For the data ablation study, we expected the signature model to outperform the GRU baseline however, results for both methods are similar. Our prior hypothesis was partly motivated by the success of signature methods in previous shallow machine learning tasks [38]. A key difference in our task could be the high dimensionality and reliance on embeddings to make the signature tractable. The need to train these embeddings is likely data-intensive but could benefit from initialisation using pretrained word2vec embeddings as has been shown for RNNs [12].

Comparison to previous literature

Comparing the results in this paper directly to previous work is challenging due to the use of different underlying study designs, populations, and incomplete definitions of cohorts and outcomes [17]. We note that previous works investigating sequential models for predicting HF on structured EHR data have found greater performance [14, 44, 48]. In particular, these works also show a more significant performance difference between bag of words baselines and RNN based architectures. Again, differences in the features and data sources used make comparisons difficult. For example, we could compare against Solares et al. [48], which also uses data from a multi-center UK EHR data source and achieves 0.951 AUROC using the RNN based model RETAIN. However, we must consider that the authors also include primary care and demographics data, which could influence prediction performance independent of model choice. The large US multi-center study by [44] show RETAIN achieving a more comparable AUROC of 0.769 on US healthcare care with a balanced cohort with 14,500 cases and with only diagnosis codes provided for as prediction input. The same model achieved an AUROC of 0.822 when trained and tested on the full cohort of 152,790 cases and 1,152,517 controls with diagnoses, demographic, medication, and surgery data.
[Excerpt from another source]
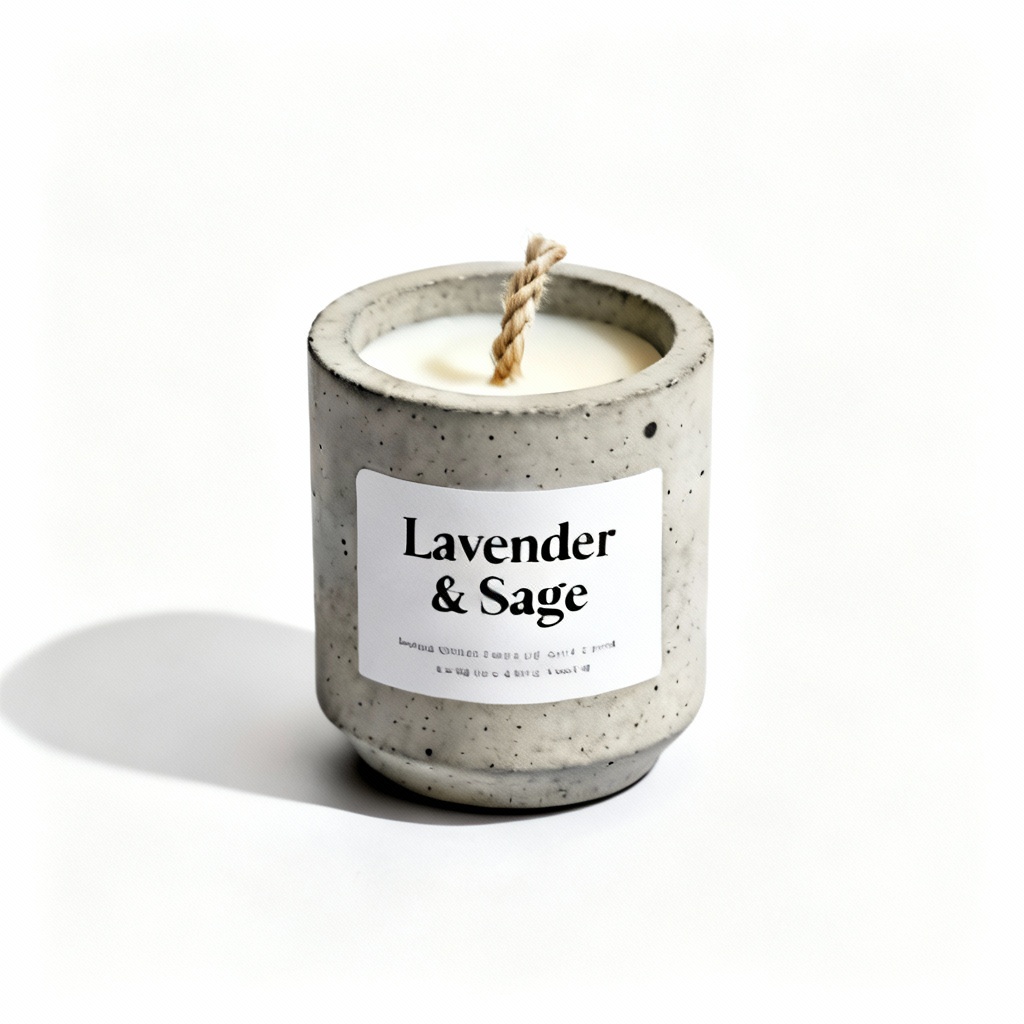 Hand-Poured Soy Wax Candle in Concrete Vessel - Lavender & Sage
In this work, we have restricted our work to prediction on high dimensional structured EHR data. Signature methods have shown success in related health prediction applications but with lower dimensional, high frequency data domains including: mood ratings for Bipolar and Borderline Personality Disorder [3], brain imaging data for Alzheimer’s disease [36] and physiological data for Sepsis prediction [38]. Future work could look to expand signature method applications within similar domains such as ECG signals diagnosis [6] and prediction systems for biogas production [8].

Conclusion

Given the prevalence of RNNs in current structured EHR architectures, any improvement in this fundamental component is likely to influence future work significantly. A substantial body of theory motivates the use of signature transforms to represent sequential data, and previous works have shown them to have strong empirical performance. In particular, recent works on neural-signature architectures have enabled their applications on high-dimensional data.

This work is the first to show that neural-signature methods with dimensional reduction before the transform are competitive on high dimensional structured EHR data. Using an HF prediction task, we evaluated the signature transforms as an alternative to RNNs that provide a predictive and compact representation of sequential structured EHR data. We show that the signature achieves comparable performance to RNNs and that the performance of both models saturates with a similar number of training examples. While the signature originates from perhaps abstract theory, empirically, it can successfully compete with the current state-of-the-art architectures.